◆ Material provided:
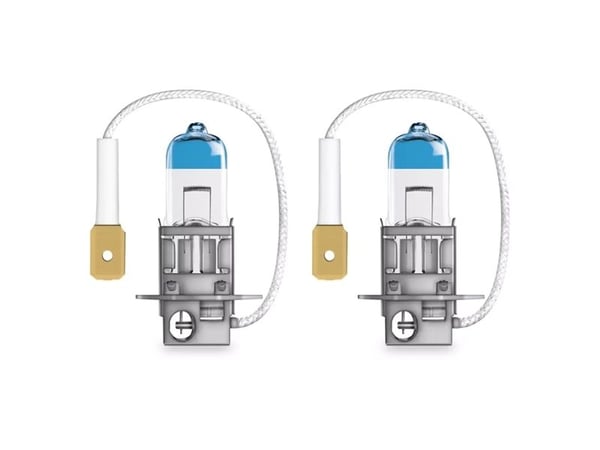 Osram Automotive 4062172388160 halogen lyskilde Night Breaker® Laser Next Generation H3 55 W 12 V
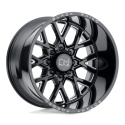 Black Rhino Hard Alloys GRIMLOCK     
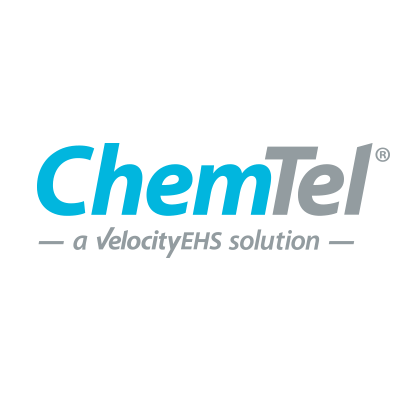 ChemTel_Inc's profile picture. Providing the industry’s leading 24-hour chemical emergency response services for hazardous chemical transportation, safety and compliance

◆ Work required:
Restate the listing word for word. Pictures do not belong in the copy.

◆ Response to the task:
 Osram Automotive 4062172388160 halogen lyskilde Night Breaker® Laser Next Generation H3 55 W 12 V
 Black Rhino Hard Alloys GRIMLOCK     
 ChemTel_Inc's profile picture. Providing the industry’s leading 24-hour chemical emergency response services for hazardous chemical transportation, safety and compliance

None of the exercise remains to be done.